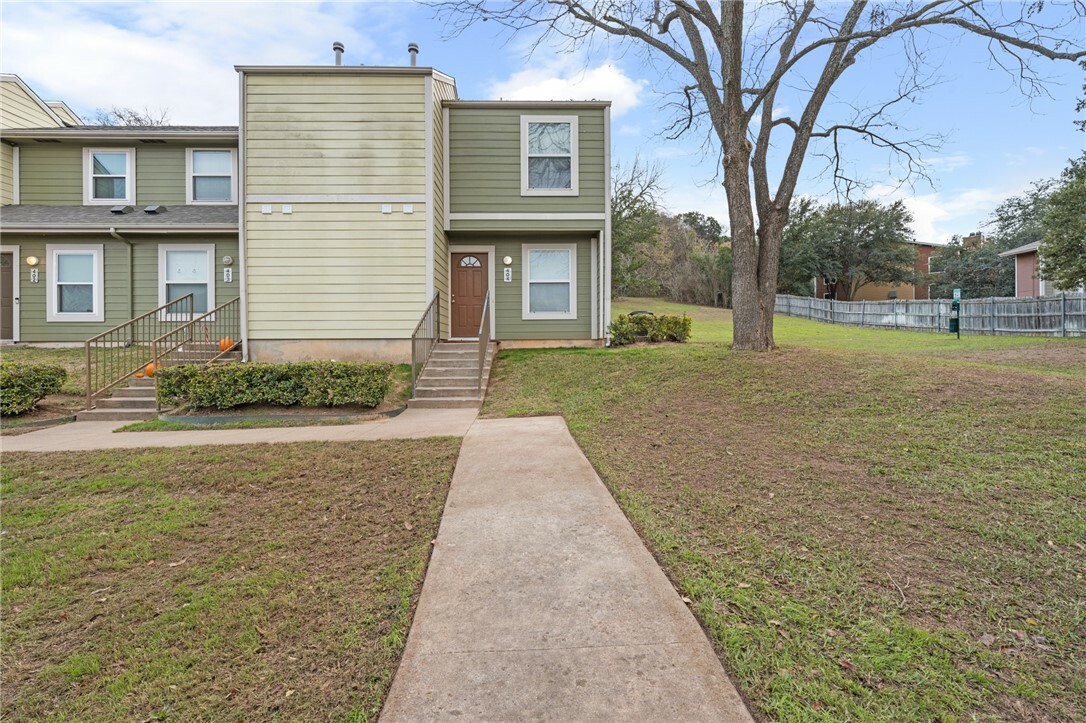 Property Photo:  1500 Lake Shore Drive 404  TX 76708 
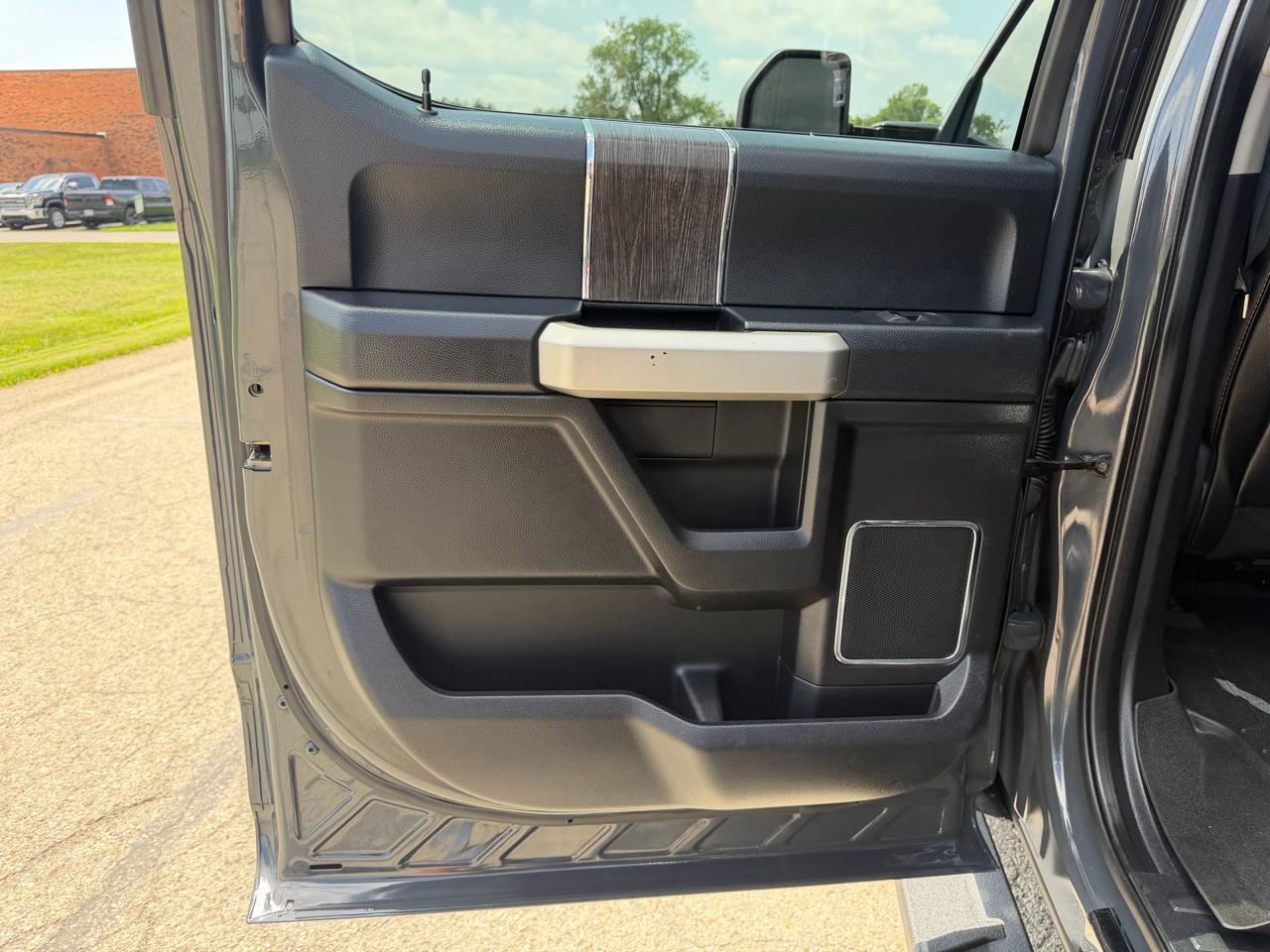 2021 Ford F-350 Super Duty Lariat - Photo 35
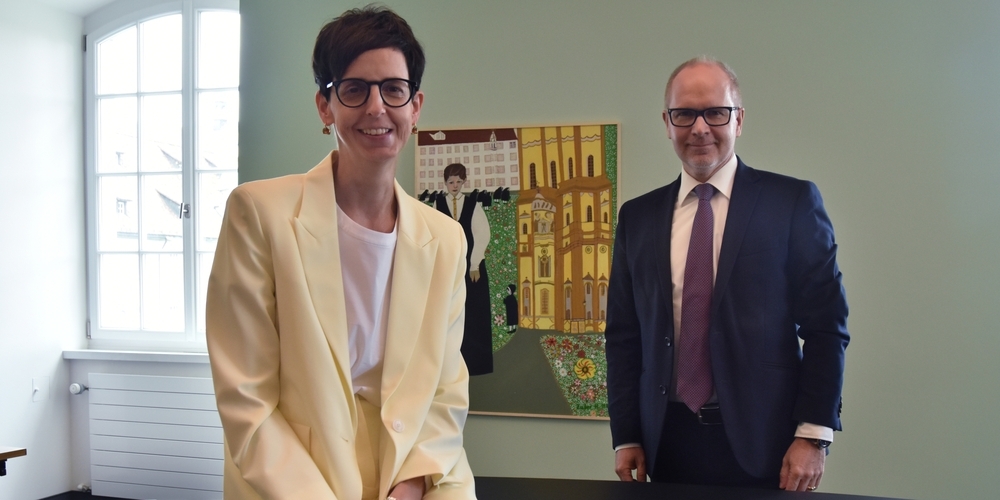 Regierungsrätin Susanne Hartmann (l.) übernimmt das St.Galler Regierungspräsidium von Regierungsrat Stefan Kölliker.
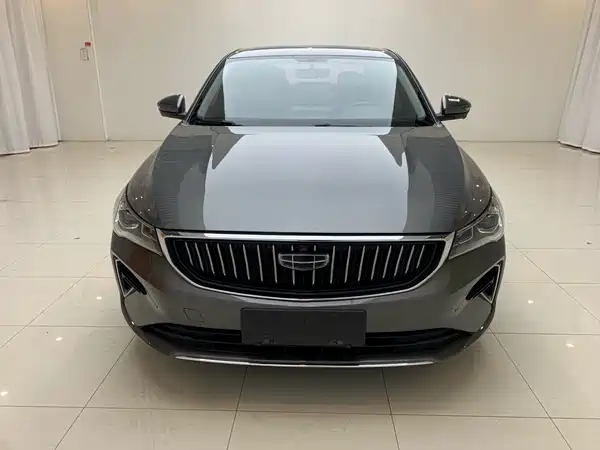 Geely Emgrand 2022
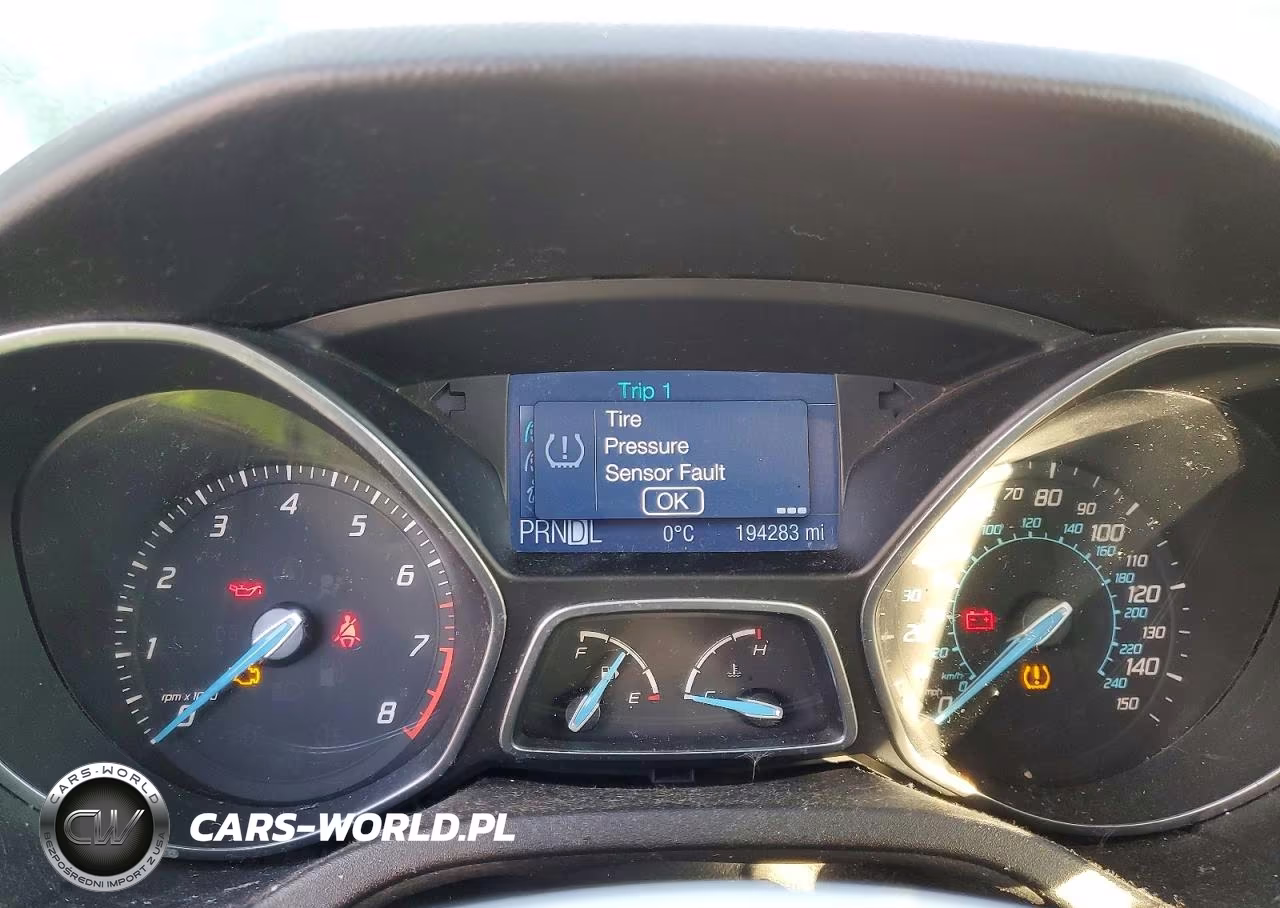 2012 Ford Focus VIN:1FAHP3F28CL246568 - 9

********

**Exercise requirements**. When copying the data above, repeat every word exactly and drop the pictures.

**Response for this exercise**.
 Property Photo:  1500 Lake Shore Drive 404  TX 76708 
 2021 Ford F-350 Super Duty Lariat - Photo 35
 Regierungsrätin Susanne Hartmann (l.) übernimmt das St.Galler Regierungspräsidium von Regierungsrat Stefan Kölliker.
 Geely Emgrand 2022
 2012 Ford Focus VIN:1FAHP3F28CL246568 - 9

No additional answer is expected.